Goal of the exercise:
Once you find the line with "LOWRYS FARM（ローリーズファーム）の「エンブロイダリープルオーバー" in the data below, transcribe exactly each line from there to the line with "Snapshot of moll1e_", inclusive, and nothing else. Drop the pictures.

Provided records:

::::::::::

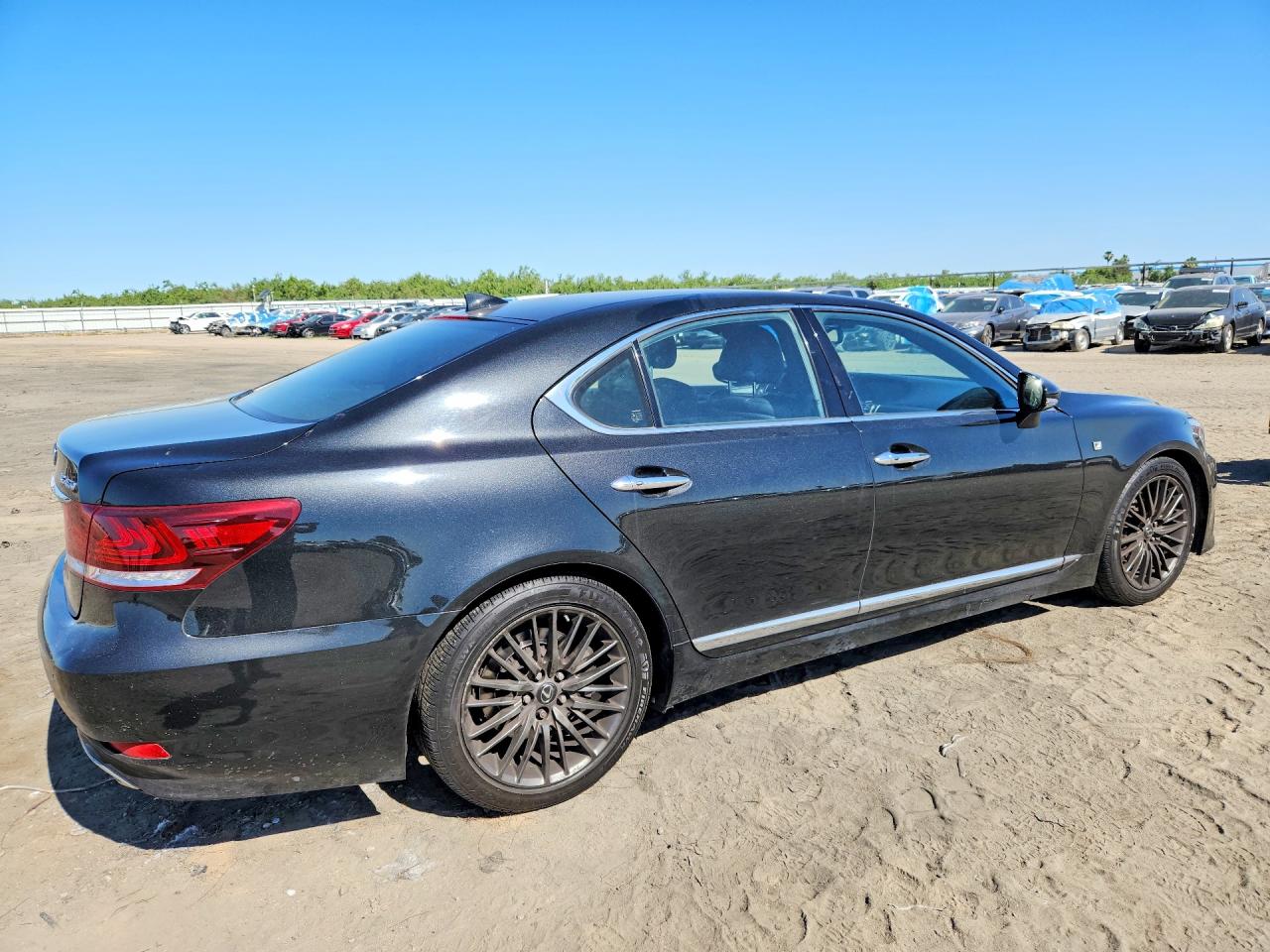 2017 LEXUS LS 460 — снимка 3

::::::::::

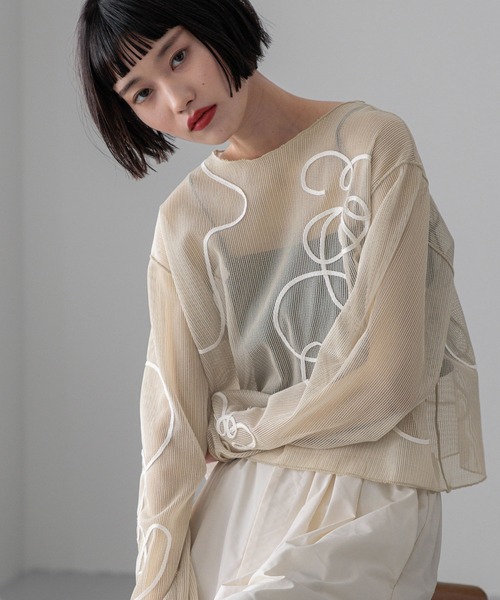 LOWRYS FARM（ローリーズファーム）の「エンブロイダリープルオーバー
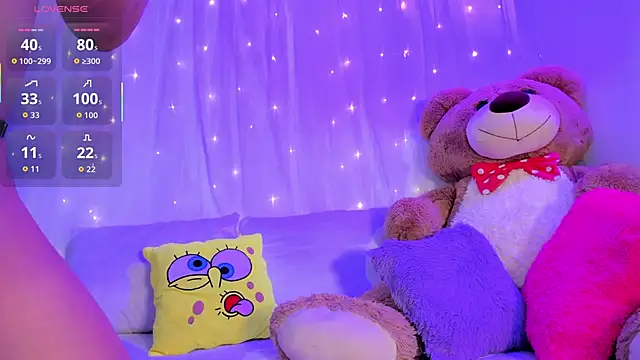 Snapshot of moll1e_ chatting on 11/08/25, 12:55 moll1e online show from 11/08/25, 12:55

::::::::::

Exercise answer:
 LOWRYS FARM（ローリーズファーム）の「エンブロイダリープルオーバー
 Snapshot of moll1e_ chatting on 11/08/25, 12:55 moll1e online show from 11/08/25, 12:55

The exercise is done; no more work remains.